Exercise description: Filter the entries below, keeping every line that has the word "Photo".

(Collected data entries)
>>>

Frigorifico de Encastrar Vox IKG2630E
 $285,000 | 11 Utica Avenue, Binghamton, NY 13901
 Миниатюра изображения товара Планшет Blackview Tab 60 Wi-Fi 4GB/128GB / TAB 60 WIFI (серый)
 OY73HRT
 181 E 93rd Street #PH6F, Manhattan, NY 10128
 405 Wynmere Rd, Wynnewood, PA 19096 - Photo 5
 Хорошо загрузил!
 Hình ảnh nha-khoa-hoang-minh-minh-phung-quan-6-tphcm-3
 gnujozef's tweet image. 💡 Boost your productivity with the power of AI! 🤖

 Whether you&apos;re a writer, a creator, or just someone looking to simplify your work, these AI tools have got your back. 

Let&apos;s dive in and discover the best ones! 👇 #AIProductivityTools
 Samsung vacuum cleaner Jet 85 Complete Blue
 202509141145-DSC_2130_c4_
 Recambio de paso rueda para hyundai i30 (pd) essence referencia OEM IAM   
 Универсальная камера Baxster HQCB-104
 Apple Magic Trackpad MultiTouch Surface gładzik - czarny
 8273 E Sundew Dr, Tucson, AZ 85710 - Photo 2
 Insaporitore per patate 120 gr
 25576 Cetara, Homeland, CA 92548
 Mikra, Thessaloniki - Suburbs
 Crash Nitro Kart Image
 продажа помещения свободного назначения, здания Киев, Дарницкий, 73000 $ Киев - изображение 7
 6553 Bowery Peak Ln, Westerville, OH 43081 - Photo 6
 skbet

<<<

Solution to this task:
 405 Wynmere Rd, Wynnewood, PA 19096 - Photo 5
 8273 E Sundew Dr, Tucson, AZ 85710 - Photo 2
 6553 Bowery Peak Ln, Westerville, OH 43081 - Photo 6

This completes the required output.